Your pronouns are ruining your reputation
“Every time his name and pronouns pop up on my screen, I get a lurch of dread in my stomach and fight back tears”
This article was first published in Plain Sight.
It’s becoming clear that listing your preferred pronouns online can backfire. While people often proffer their pronouns in an attempt to advertise their kindness and virtue, in reality it frequently creates a poor first impression.
This was highlighted in a recent survey by DatePsychology, which found that preferred pronouns are a distinct turnoff for both men and women.
In the survey, 24% of men said that they will absolutely reject any woman who includes preferred pronouns in her online dating profile (e.g. if she includes “she/her” after her name). This means that even if they find her profile picture attractive, they won’t even consider dating her. Interestingly, men found preferred pronouns more off-putting than explicitly stated political beliefs that were opposed to their own.
Similarly, 28% of women said that they will absolutely reject any man who lists his preferred pronouns in his online dating profile. This makes preferred pronouns a bigger deal-breaker for women than not listing any career or education in your dating profile.
The tables below show some other dating deal-breakers for men and women, to put these findings in context. You can see the complete list in the original article.
Examples of dating deal breakers for men
Examples of dating deal-breakers for women
These tables show the percentage of respondents who absolutely reject potential partners who list preferred pronouns. They don’t include respondents who merely said that they found preferred pronouns off-putting.
While this survey looked at pronouns in dating apps, it has obvious implications for pronouns in email signatures and social media profiles. If you work in business, can you afford to alienate a quarter of your customers by adding your pronouns to your LinkedIn profile? If you work in government, do you really want to alienate a quarter of the citizens you are duty bound to serve?
Why does listing your preferred pronouns make you unattractive? While the DatePsychology survey doesn’t answer this question, there are several likely reasons.
It paints you as a gender activist
As the New Zealand Public Service Commission admits, “Having pronouns in an email signature signals you as an LGBTQIA+ ally”. And as the Social Justice Encyclopedia explains, being an ‘ally’ means adopting “a subordinate and supportive role within a group of activists for an identity group”. In other words, listing your preferred pronouns tells the world you’re a gender activist.

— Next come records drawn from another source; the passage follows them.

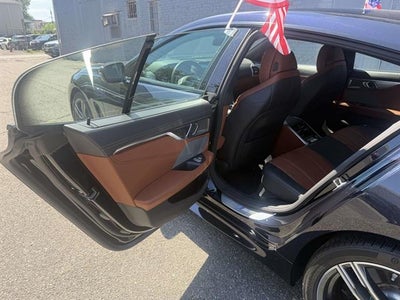 2023 BMW 840i xDrive 840i xDrive Gran Coupe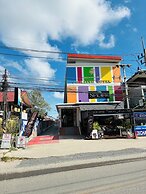 Rainbow Room No.13 Front of Haad Rin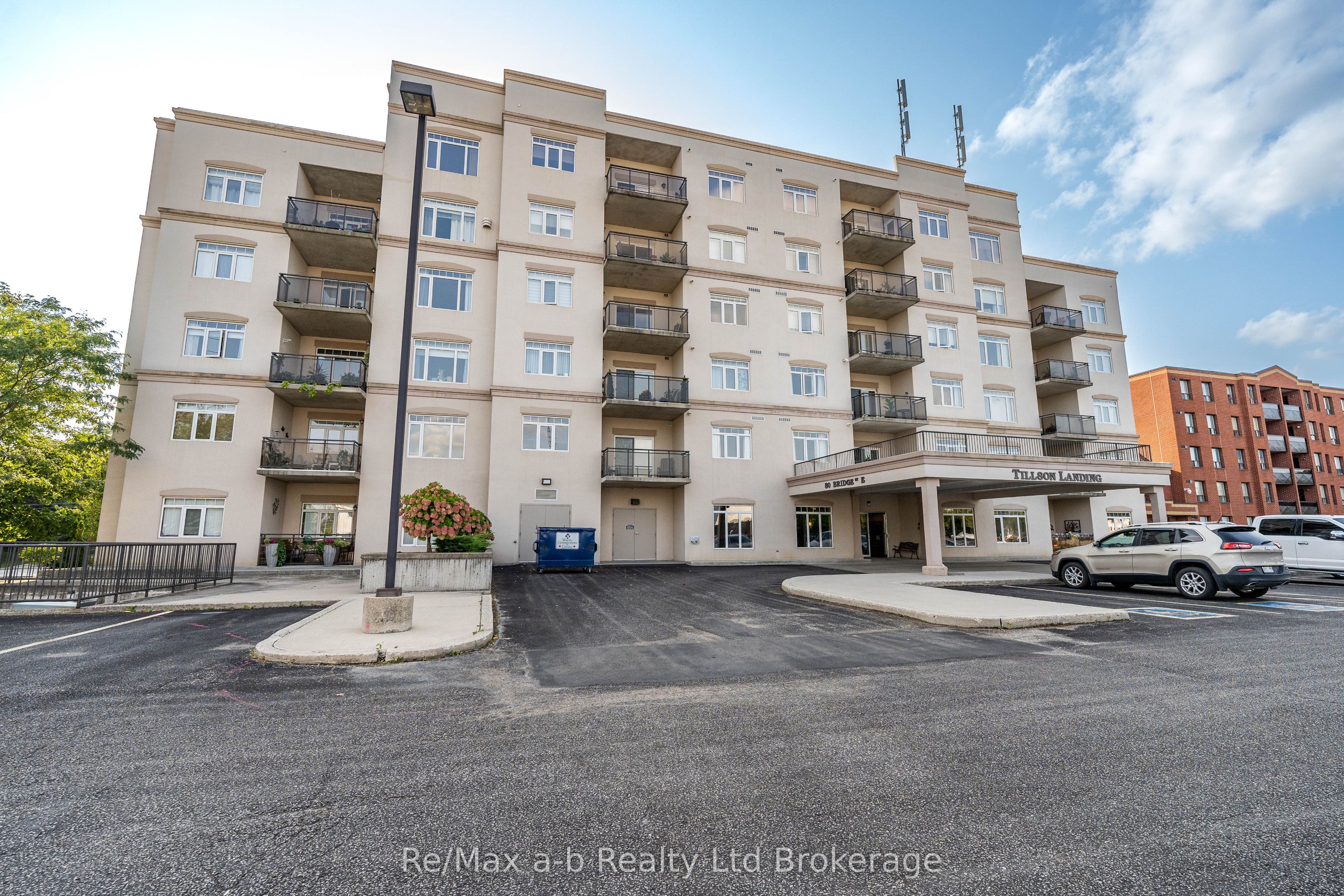 80 BRIDGE Street E 101 Property Photo 1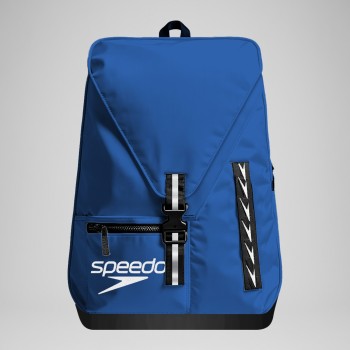 Speedo Team Rucksack 35 litres bleu royal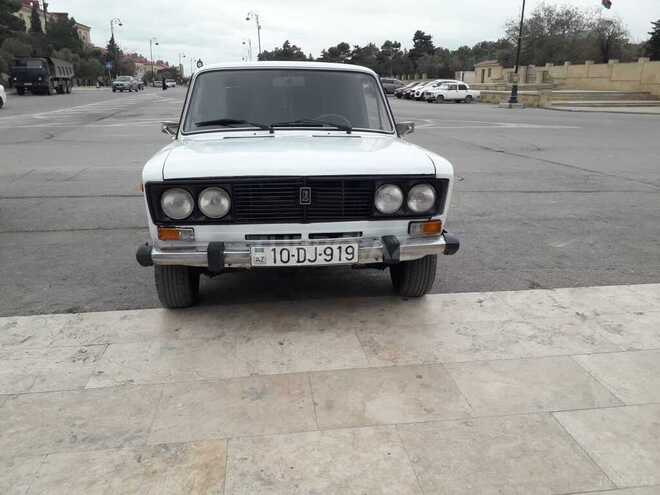 LADA (VAZ) 2106 1991, 56,663 km - 1.6 l - Bakı
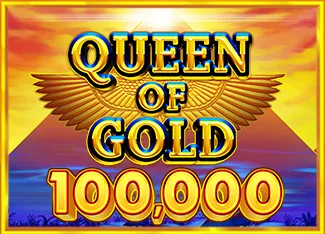 Pragmatic : Queen of Gold 100,000 - PORTBET88
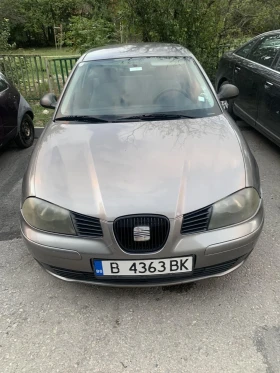 Seat Ibiza, снимка 1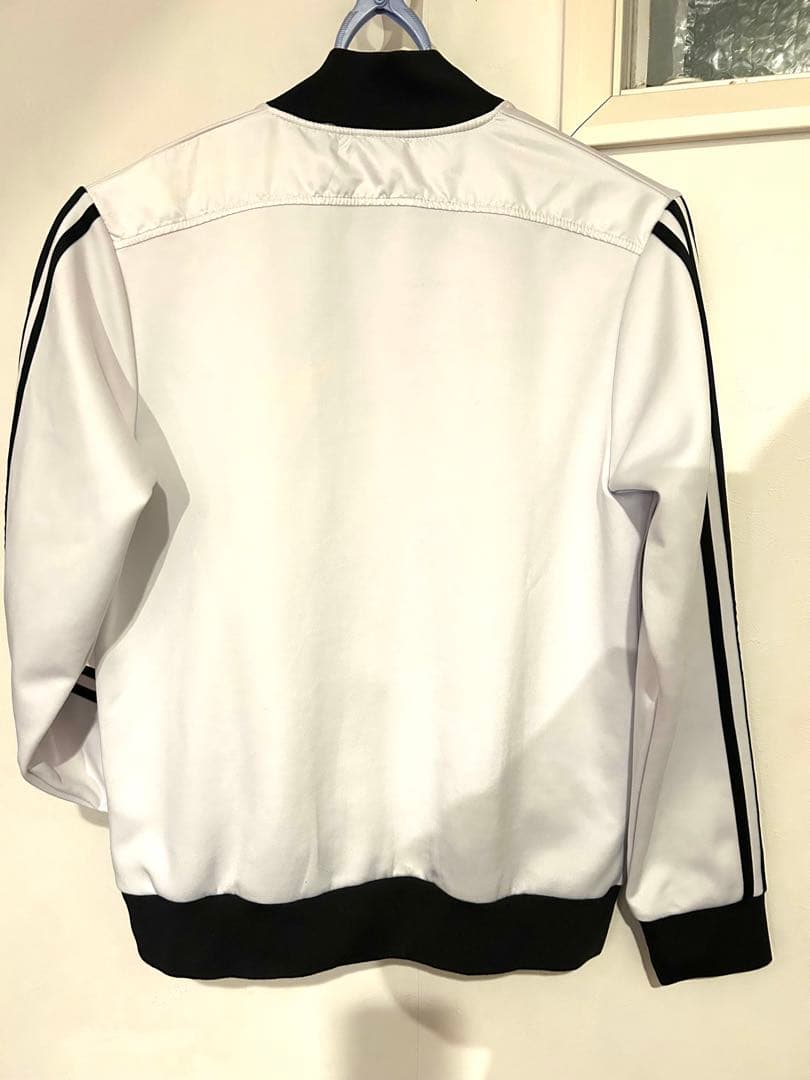 【美品】レアルマドリード Ｌサイズ　フルジップジャージ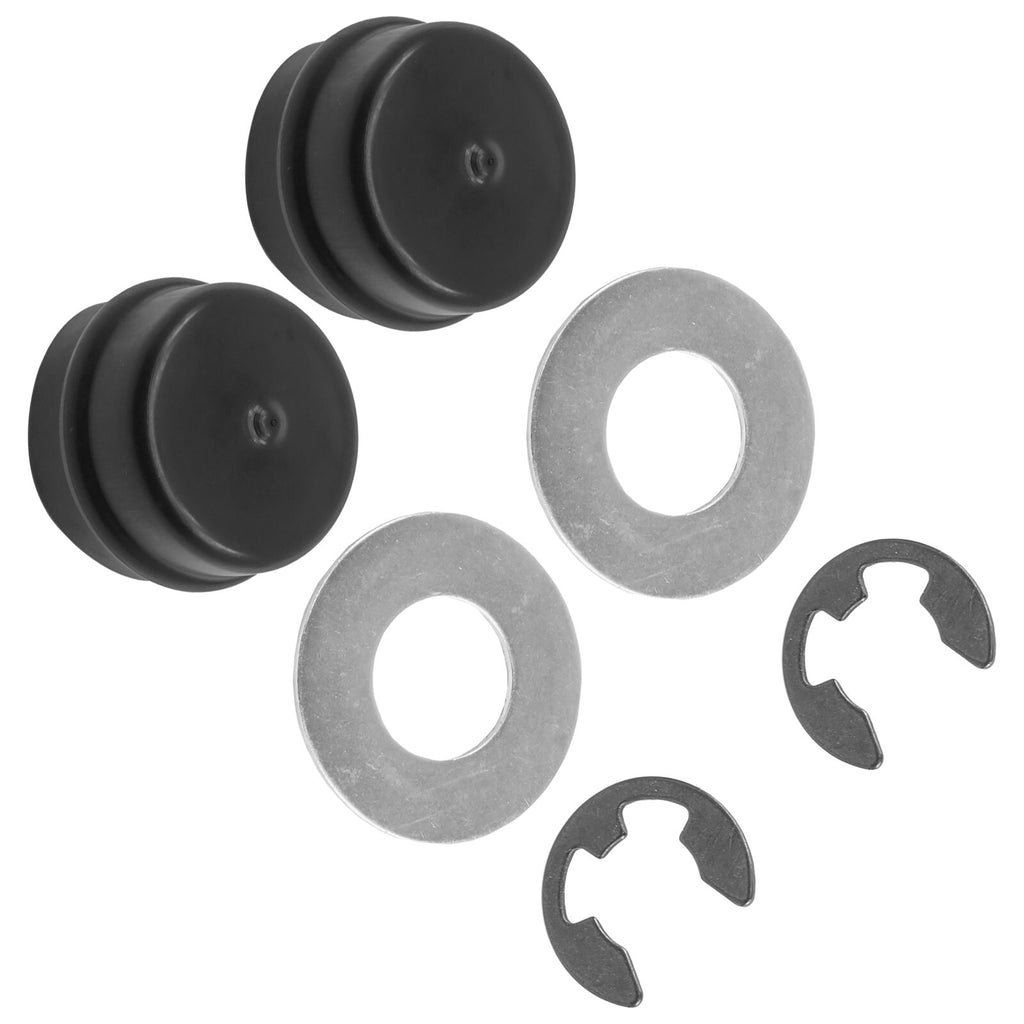 Front or Rear Wheel Hardware Kit for John Deere M123253 (1993–2010)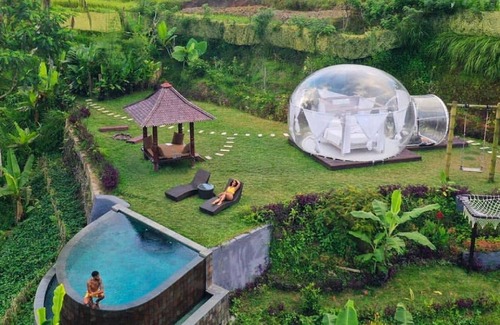 Tampaksiring House | Bubble Hotel Bali Ubud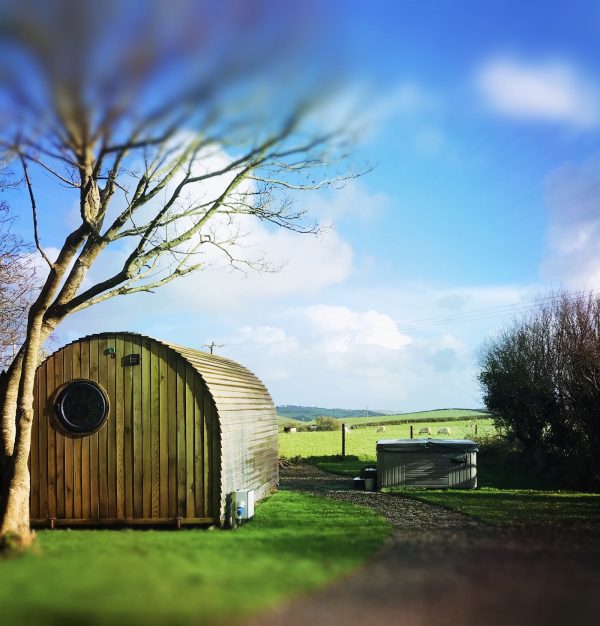 Hafan Fach Cottage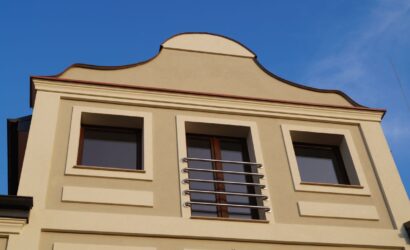 Balustrady nierdzewne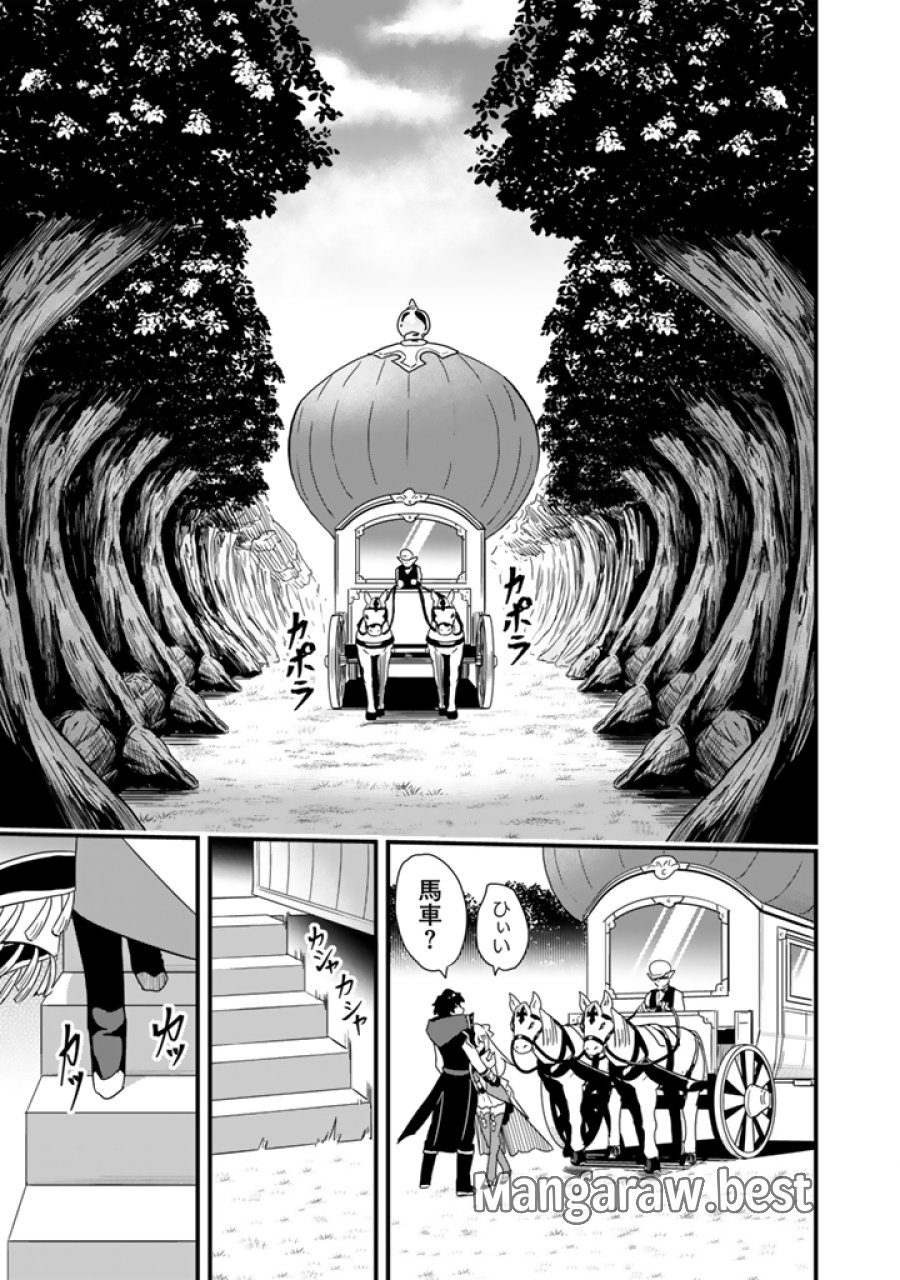 異世界でテイムした最強の使い魔は、幼馴染の美少女でした 第35.1話 - Page 5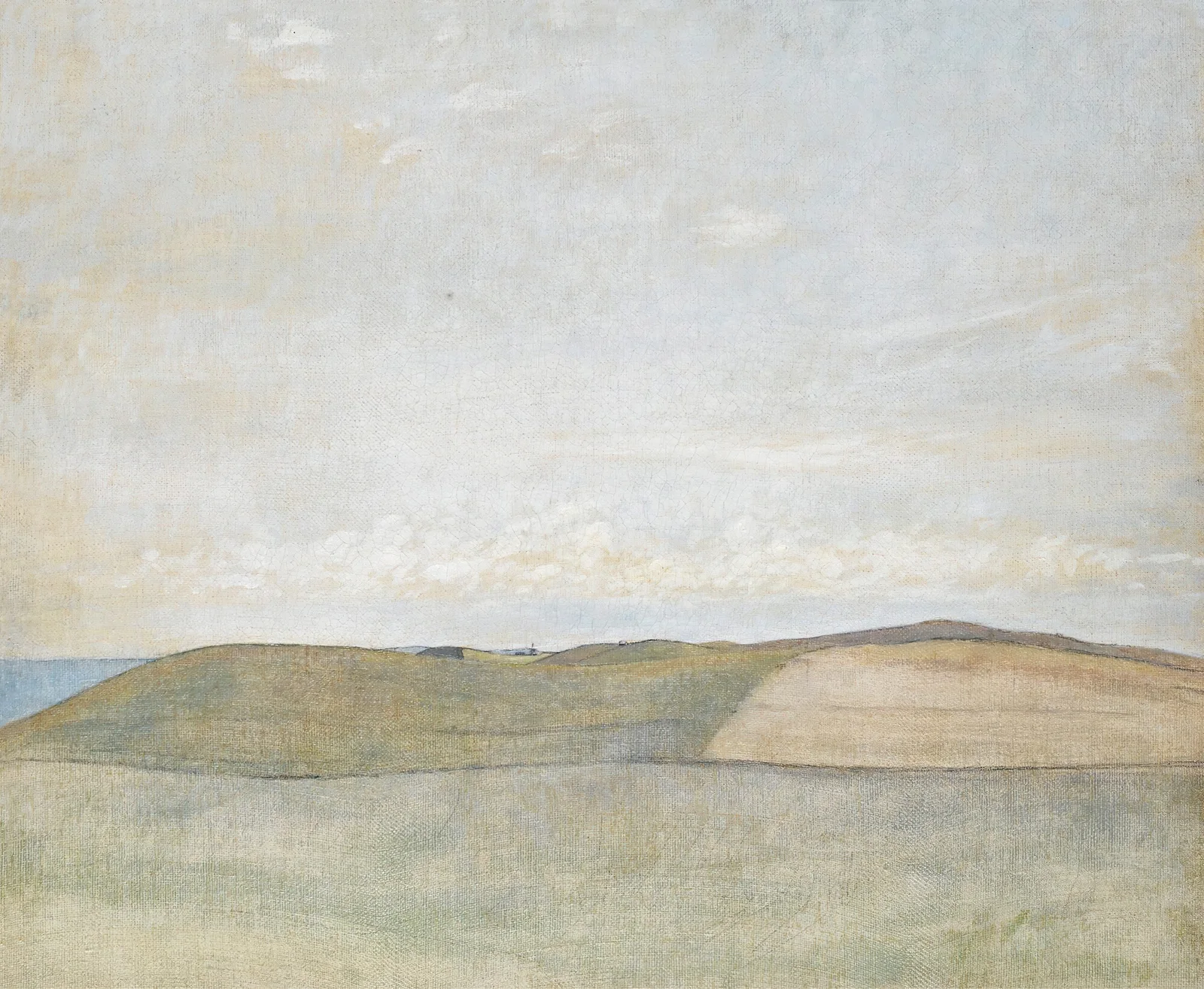 From Refsnæs av Vilhelm Hammershøi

A recent informal member survey by the Sex Equality and Equity Network (SEEN), a gender-critical UK government staff network, supports this perception. This survey found widespread concern that listing preferred pronouns violates ethical guidelines on political neutrality:
Over three quarters of respondents highlighted what they see as the political nature of pronoun declaration and the associated ideology underpinning it (that is, belief in gender identity), with the view that this was not considered appropriate in an impartial Civil Service.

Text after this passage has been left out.